30th Nov 2009, 7:36 am Wall Street falls on Dubai concerns, but FTSE 100 set to extend gains as oil, gold and silver climb

Overview: US stocks fluctuated within a narrow range on Friday, ending the day deep in the red in response to the news from Dubai, whose state owned asset and project management company Dubai World sought to delay debt payments. The news hit the markets on Thursday, causing the FTSE 100 to tumble 3%, while the US stock market was closed due to the Thanksgiving holiday.

The Dow Jones Industrial Average slid 1.5%, while the broader S&P 500 index tumbled 1.7%, as did the technology heavy Nasdaq composite.

Asian markets were bullish this morning. Hong Kong’s Hang Seng added 3.3%, while Japan’s Nikkei improved almost 3%. China’s Shanghai composite index also added 3%, recouping half of its last week’s losses.

Oil prices improved as January Brent Crude reached US$77.50/barrel, while US light, sweet crude for January delivery improved to US$76.44/barrel.

Precious metals also rose. Gold rebounded from its most recent fall, climbing back to US$1,173/oz. Silver and platinum followed, reaching US$18.25/oz and US$1,445/oz respectively.

Base metals also rose as copper and nickel climbed to US$3.11/lb and US$7.33/lb respectively and zinc was just short of US$1/lb.

The FTSE 100 is projected to gain 0.5% in early trade today after rising 1% on Friday, recovering after Thursday’s 3% fall on Dubai Jitters. Mining and financial stocks led the FTSE 100 rally on Friday with Royal Bank of Scotland emerging atop the leaderboard with a 5% gain.
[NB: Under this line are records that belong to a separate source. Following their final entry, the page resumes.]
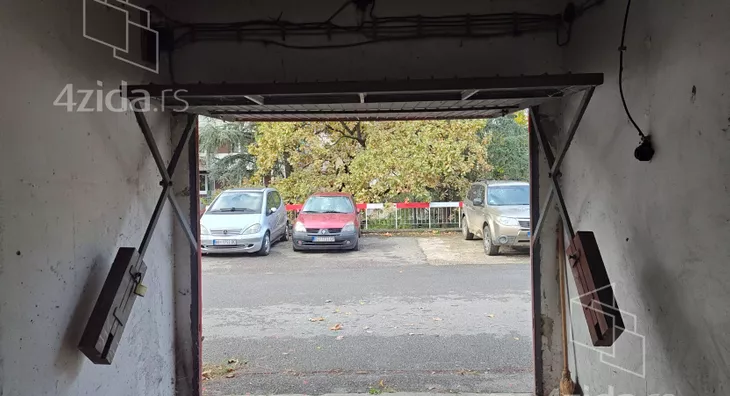 Garaža | 4zida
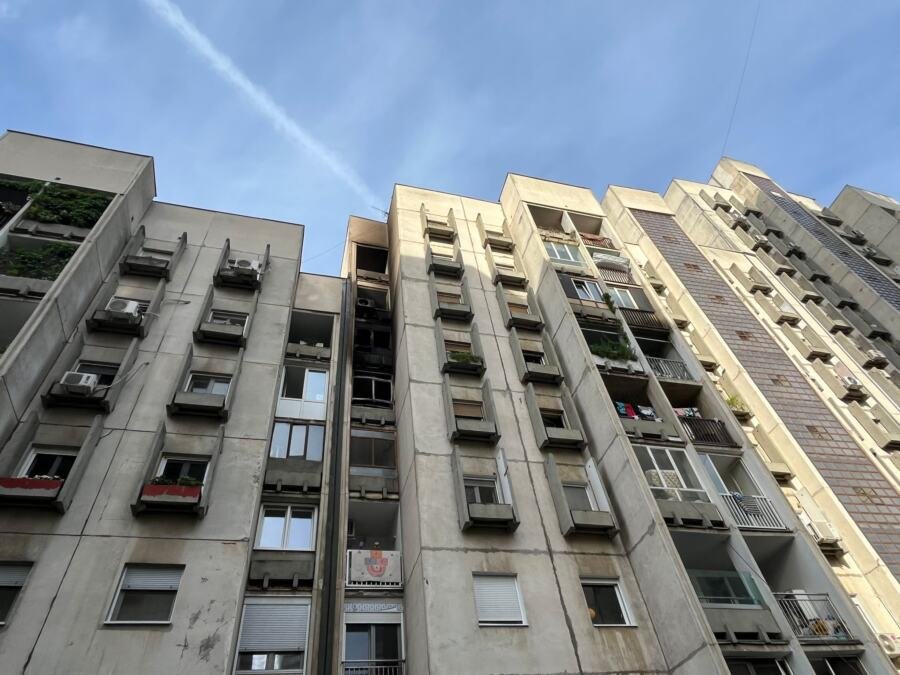 POŽAR NA NOVOM BEOGRADU ZBOG TELEFONA NA PUNJAČU? Električar upozorio šta nikako ne smete da radite: "Ako se OVO desi, odmah reagujte!"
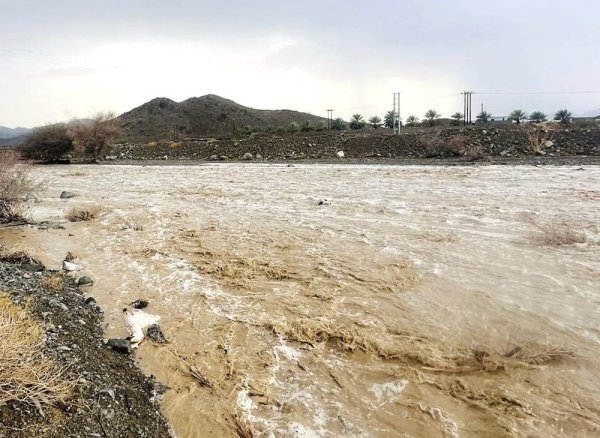 Rain batters parts of Al Sharqiyah Governorate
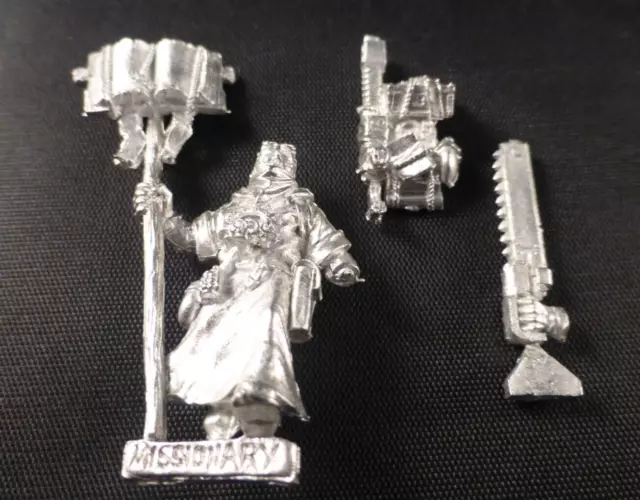 Missionary with Chainsword Metal Set - Warhammer 40K Inquisition Witch Hunters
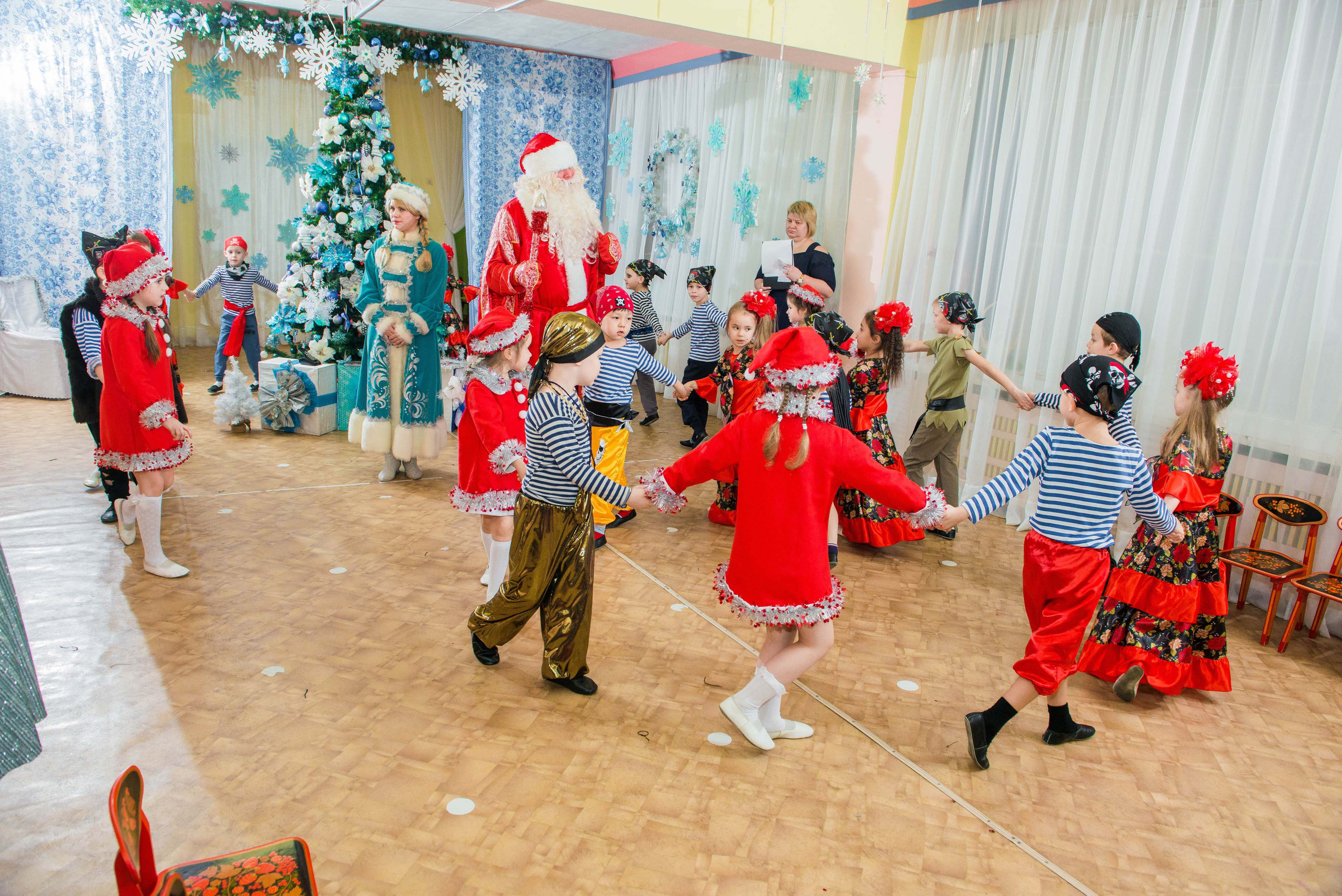 25.12.2019 д. с. № 5, Екатеринбург. Свадебный фотограф на Урале Виктор Соколов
Base metals focused miners Xstrata (LSE: XTA) also tacked on 5%, while peer Rio Tinto (LSE: RIO) was up 3% and platinum producer Lonmin (LSE: LMI) added 3.5%. Tour operator Thomas Cook Group (LSE: TCG), energy company Centrica (LSE: CNE) and commercial property company Segro (LSE: SGRO) also made it to the leaderboard with gains of 4.7%, 3.6% and 3% respectively.

Satellite network operator Inmarsat (LSE: ISAT) and United Utilities (LSE: UU) were the only FTSE 100 constituents to decline 1% or more, sliding 2.5% and 1.2% respectively.